The samples were fingerprinted with two EcoRI/MseI AFLP primer combinations: E32/M49 and E35/M48. The protocol of Vos et al. [33] was used to generate AFLP fragments. Primer combination E32/M49 yielded 91 polymorphic bands and primer combination E35/M48 yielded 131 bands. Keygene carried out the AFLP analysis on a MegaBACE 2.1 and scored the bands using their proprietary software.
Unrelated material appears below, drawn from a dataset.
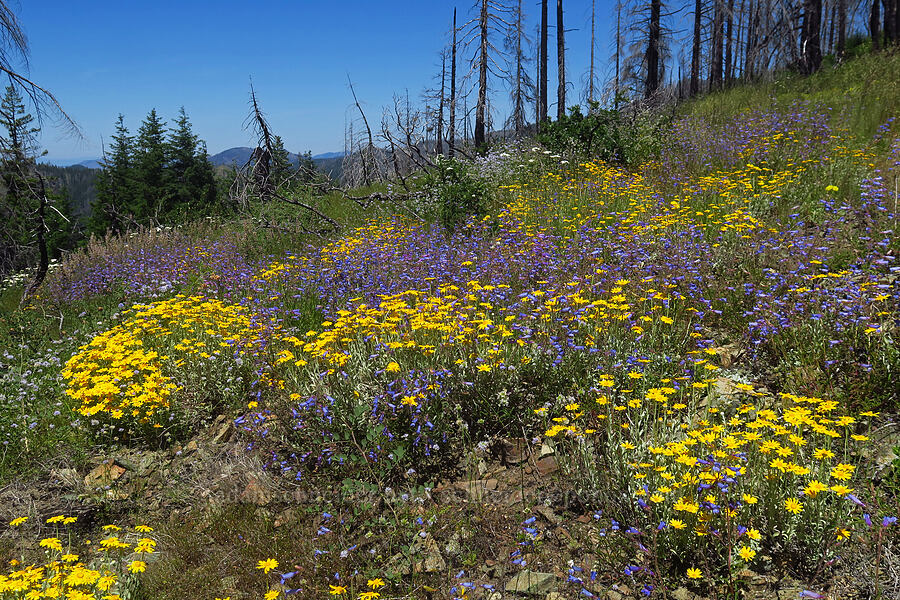 wildflowers (Penstemon laetus var. sagittatus, Eriophyllum lanatum, Gilia capitata, Lupinus albicaulis) [Pacific Crest Trail, Klamath National Forest, Siskiyou County, California]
Bands were scored as dominant markers, so only the presence or the absence of a band was scored.

Datasets

The dataset in this study originally contained 4929 genotypes. This large dataset was analyzed with NJ and UPGMA. Because of the size of the dataset, it proved impossible to analyze it with cladistic methods nor to analyze it for statistical support, even using the SARA supercomputer (see below). It was sheer impossible for a personal computer to do any further analyses apart from the NJ and UPGMA, and for the SARA computer cluster it would have taken many months/years of computing time.

For further analysis a condensed dataset was created by carefully choosing a representative genotype from all the available accessions. This condensed dataset consisted of 916 genotypes. The condensed dataset was used in both phenetic and cladistic analyses and in the resampling methods.

Besides choosing only one genotype per accession to represent the accession in the condensed dataset, other adjustments were made to create this dataset. All the 22 known interspecific hybrid accessions were removed, 23 other accessions were completely removed because of the extreme heterogeneity of the accession (possibly resulting from a mixture of species) in both the NJ and the UPGMA trees. Species labels of 49 accessions were changed based on their position in the NJ and/or UPGMA tree (not shown) and visual inspection of the plants in the experimental field or greenhouse in 2005 and 2006. In total 11 outgroup accessions were removed because preliminary AFLP results showed these outgroups to be too distant (S. sitiens, S. nigrum, S. chaparense, S. lycopersicoides, S. canense, S. fraxinifolium). The outgroup species S. etuberosum, S. palustre and S. fernandezianum were retained in the dataset.

Data analysis

Both the phenetic and the cladistic analyses were conducted using PAUP 4.0 Altivec [34] on the TERAS computing cluster of SARA computing facilities in Amsterdam. For the 4929 phenetic analysis we used the total character distance, for the 916 data set we used the NeiLi distance [35] to calculate the distance matrix. A Neighbor Joining Jackknife tree was calculated using 10.000 replicates.

The cladistic analysis heuristic searches were done by using PRAP, Parsimony Ratchet Analyses using PAUP, a program that writes commands for PAUP. The commands in PRAP describe how PAUP should carry out parsimony ratchet searches [36]. By using parsimony ratchet, as described by Nixon [37], many tree islands are searched instead of thoroughly searching through each island.

For the MP jackknife analysis, we followed the conclusions drawn by Muller [36] that using random addition sequence instead of simple addition sequence has no beneficial effect on bootstrap or jackknife support. Also, a jackknife or bootstrap analysis using one heuristic search saving one tree per jackknife replicate and simple addition sequence, performed as good as or even better than an analysis using 10 parsimony ratchet iterations using the shortest tree only or using a strict consensus tree of all shortest trees [36]. Therefore, we conducted a jackknife MP analysis by performing 10.000 replicates using simple addition, and saving one shortest tree per replicate.